Last data update: 2014.03.03

R: Function to compute the CPs posterior distribution for the...
CP.postDistR Documentation

Function to compute the CPs posterior distribution for the ARTIVA network model from the the ouput samples of function ARTIVAsubnet.

Description

Using the ouput RJ-MCMC samples of functions ARTIVAsubnet, this function estimates posterior distributions for the number of CPs and their position.

Usage

CP.postDist(CPsamples, burn_in=NULL, segMinLength=2)

Arguments

CPsamples

A matrix with the different iterations (in row) performed with the ARTIVAsubnet function and in column the identified positions for CPs.

burn_in

Number of initial iterations that are discarded for the estimation of the model distribution (posterior distribution). The ARTIVAsubnet function is a RJ-MCMC algorithm which, at each iteration, randomly samples a new configuration of the time-varying regulatory network from probability distributions based on constructing a Markov chain that has the network model distribution as its equilibrium distribution (The equilibrium distribution is obtained when the Markov Chain converges, which requires a large number of iterations). Typically, initial iterations are notconfident because the Markov Chain has not stabilized. The burn-in samples allow to not consider these initial iterations in the final analysis (optional, default: burn_in=NULL, if burn_in=NULL then the first 25% of the iterations is left for burn_in).

segMinLength

Minimal length (number of time points) to define a temporal segment.
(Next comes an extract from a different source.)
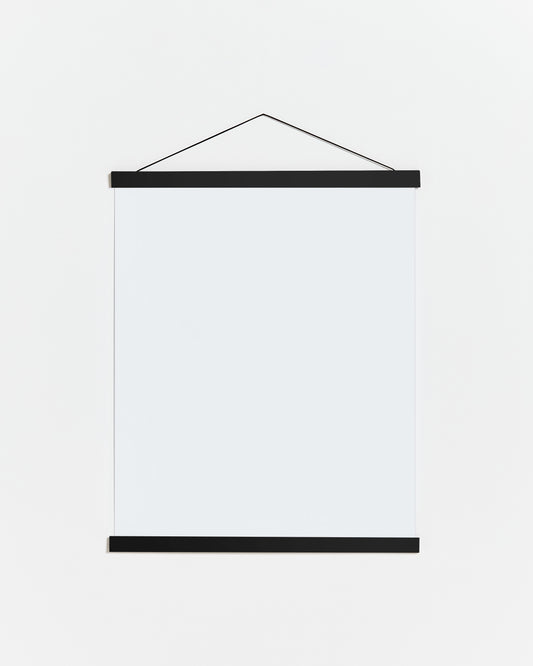 Porte affiche en bois noir 50 cm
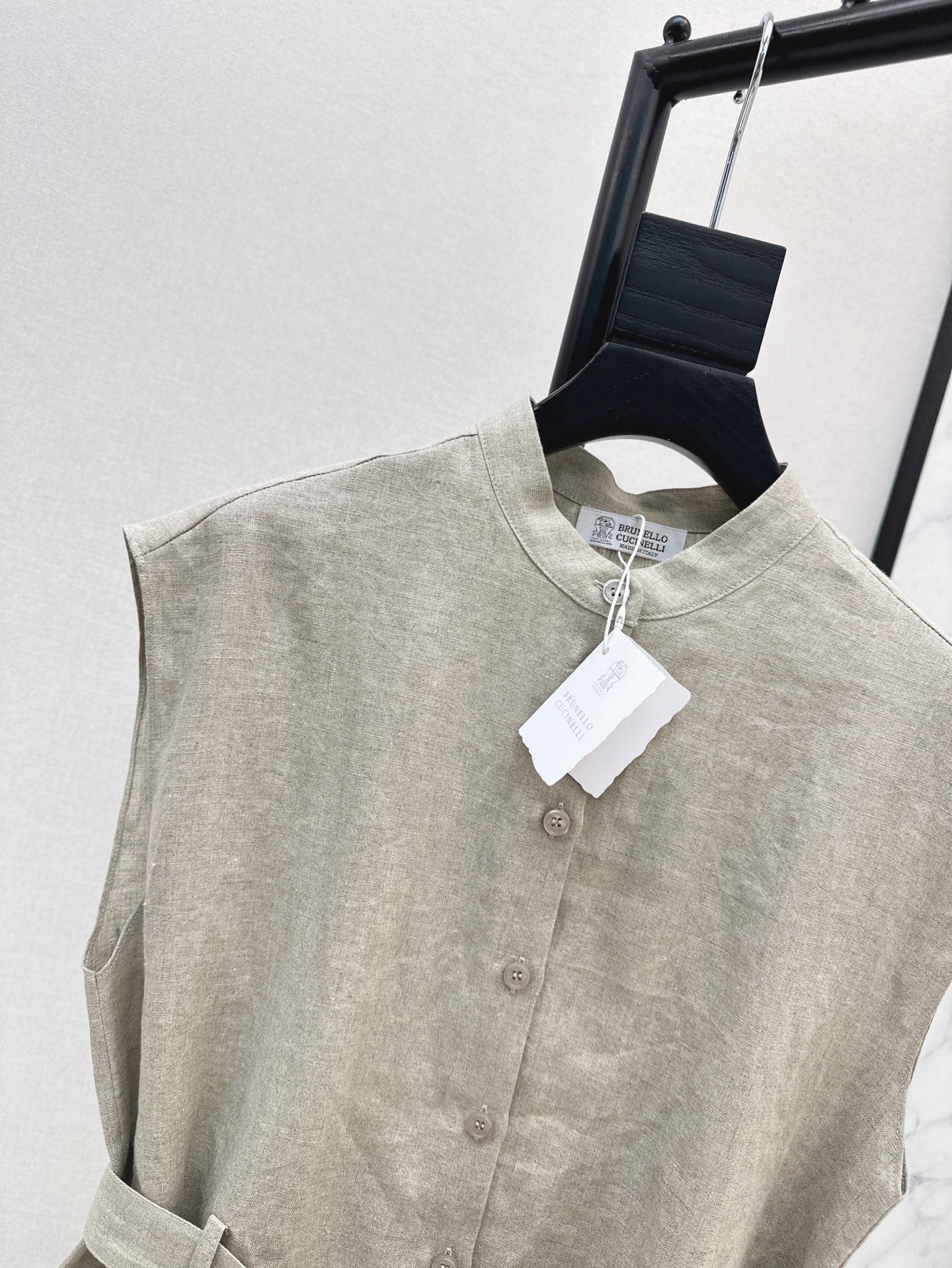 25ss linen vest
Must be - strictly - greater than 1 if there is no repeated measurements for each time point in arguments targetData and parentData (optional, default: segMinLength=2).

Value

A list of 4 elements:

1) CPnumber: a table containing the approximate posterior distribution for the number of CPs.

2) CPposition: a table containing the approximate posterior distribution for the CPs position.

3) estimatedCPnumber: number of CP position with the greatest posterior probability according to the approximate posterior distribution for the number of CPs CPnumber.

4) estimatedCPpos: a table containing the estimatedCPnumber most significant CP positions according to CPnumber, CPposition and segMinLength (if parameter dyn=1, first CP is 2 and final CP is n+1, where n is the number of time points).

Author(s)

S. Lebre and G. Lelandais.

References

Statistical inference of the time-varying structure of gene-regulation networks S. Lebre, J. Becq, F. Devaux, M. P. H. Stumpf, G. Lelandais, BMC Systems Biology, 4:130, 2010.

See Also

ARTIVAsubnet, ARTIVAnet, plotCP.postDist, ARTIVAsubnetAnalysis

Examples

# Load the ARTIVA R package
library(ARTIVA)

# Load the dataset with simulated gene expression profiles
data(simulatedProfiles)

# Name of the target gene to be analyzed with ARTIVA 
targetGene = 1

# Names of the parent genes (typically transcription factors) 
parentGenes = c("TF1", "TF2", "TF3", "TF4", "TF5")

# run ARTIVAsubnet

# Note that the number of iterations in the RJ-MCMC sampling is reduced 
# to 'niter=20000' in this example, but it should be increased (e.g. up to
# 50000) for a better estimation.
## Not run: 
ARTIVAtest = ARTIVAsubnet(targetData = simulatedProfiles[targetGene,],
  parentData = simulatedProfiles[parentGenes,],
  targetName = targetGene,
  parentNames = parentGenes,
  segMinLength = 2,
  edgesThreshold = 0.6, 
  niter= 20000,
  savePictures=FALSE)

# compute the PC posterior distribution with other parameters
outCPpostDist = CP.postDist(ARTIVAtest$Samples$CP, burn_in=10000, 
			    segMinLength=3)

# plot the CP posterior distribution
plotCP.postDist(outCPpostDist, targetName=paste("Target", targetGene), 
		  estimatedCPpos=outCPpostDist$estimatedCPpos)

## End(Not run)

Results


R version 3.3.1 (2016-06-21) -- "Bug in Your Hair"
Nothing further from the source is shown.